Your task:
Only the lines from the beginning of the data through the line holding "Jennifer Nutter's profile image" belong in the answer, printed exactly and without pictures.

Records shown:
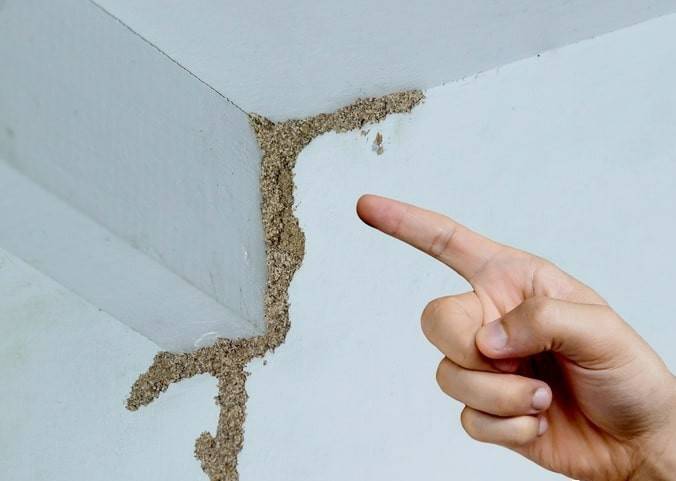 紧急提醒：瞬间爆发！上海市民崩溃：密密麻麻<strong></p>
<p>原油期货开户条件</strong>，蠕蠕爬行...“梧桐区”已开始战斗，白蚁或提前分飞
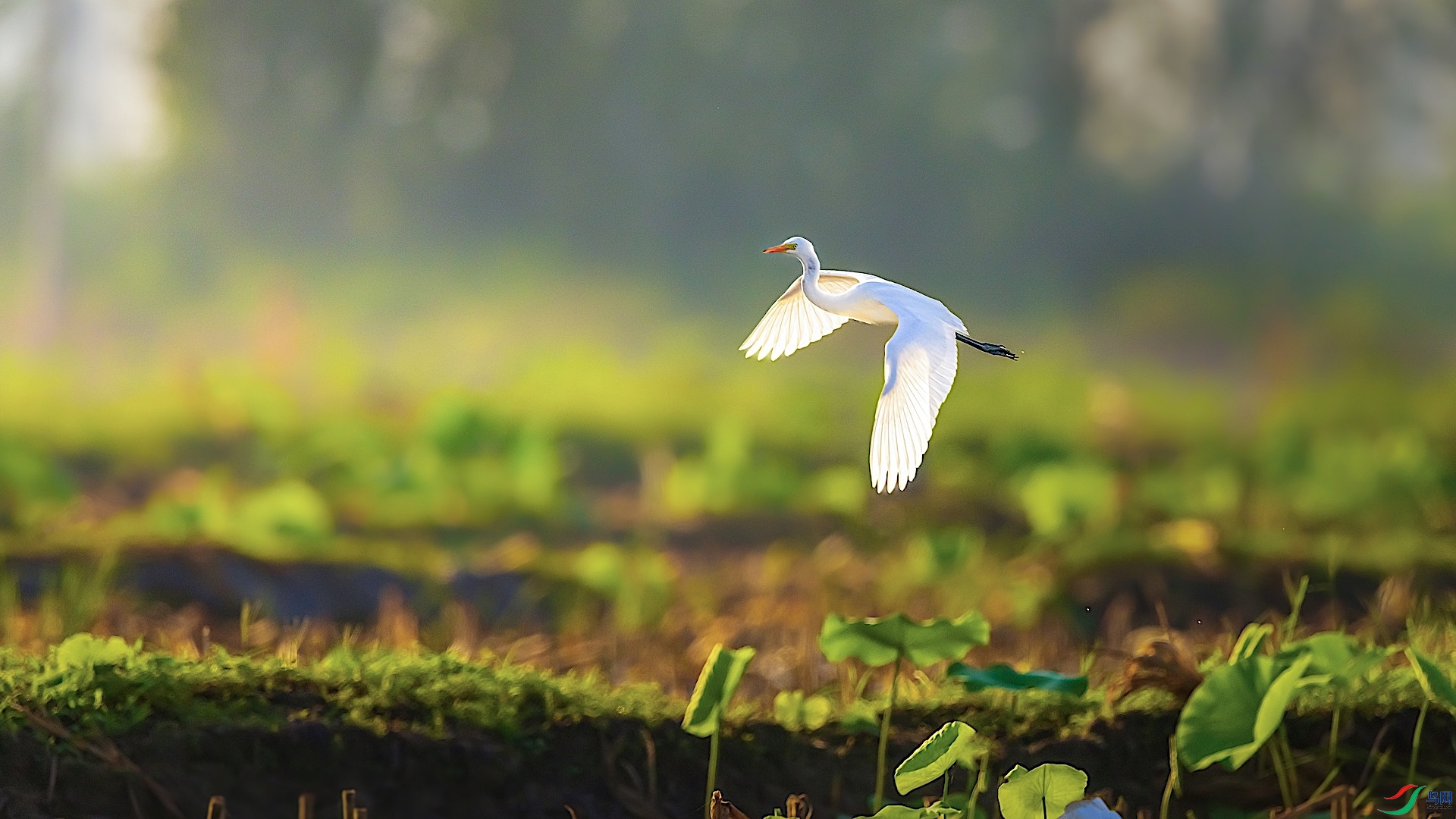 1_XXL0583-1 ����.jpeg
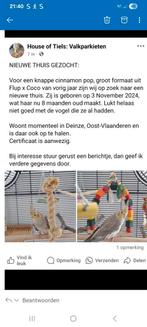 Te  koop, Dieren en Toebehoren, Vogels | Parkieten en Papegaaien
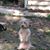 Jennifer Nutter's profile image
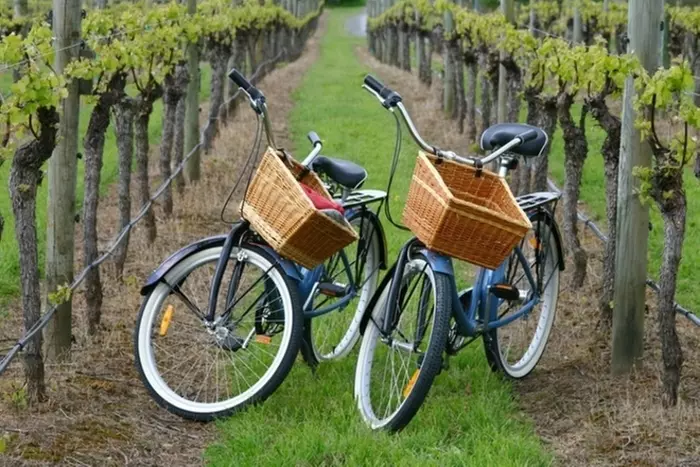 Up to 10% Off on Wine Festival at East End Bike Tours - Primary Image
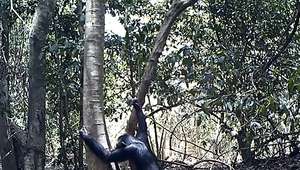Chimpanzés são flagrados usando ferramentas para beber água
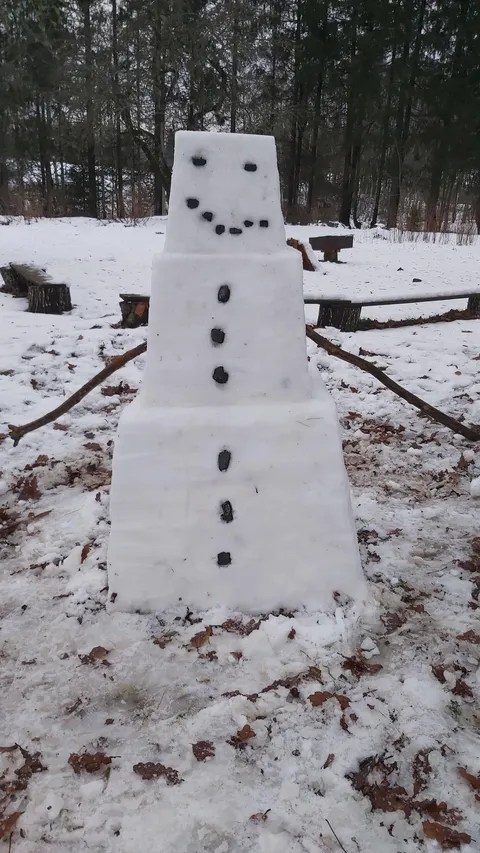 I tried making a snow golem irl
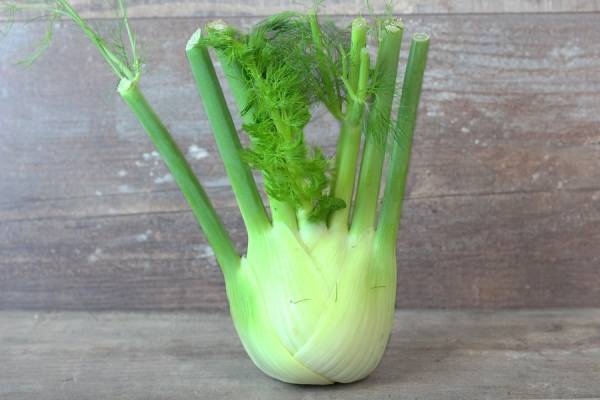 Fenouil - Ferme de la Marche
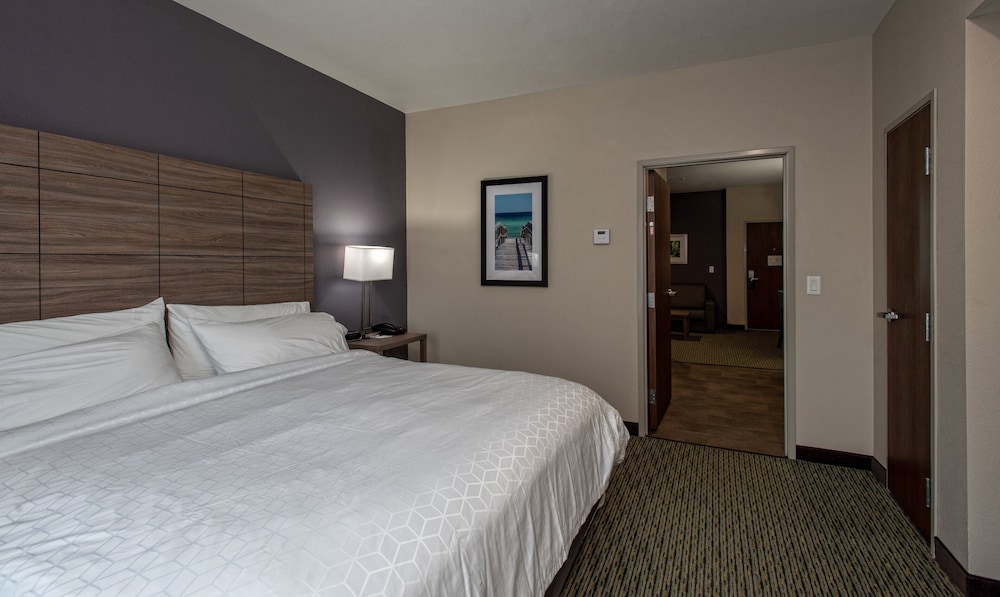 Suite, 1 Bedroom, Accessible, Non Smoking (Comm, Accessible Tub) - Photo 3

Worked solution:
 紧急提醒：瞬间爆发！上海市民崩溃：密密麻麻<strong></p>
<p>原油期货开户条件</strong>，蠕蠕爬行...“梧桐区”已开始战斗，白蚁或提前分飞
 1_XXL0583-1 ����.jpeg
 Te  koop, Dieren en Toebehoren, Vogels | Parkieten en Papegaaien
 Jennifer Nutter's profile image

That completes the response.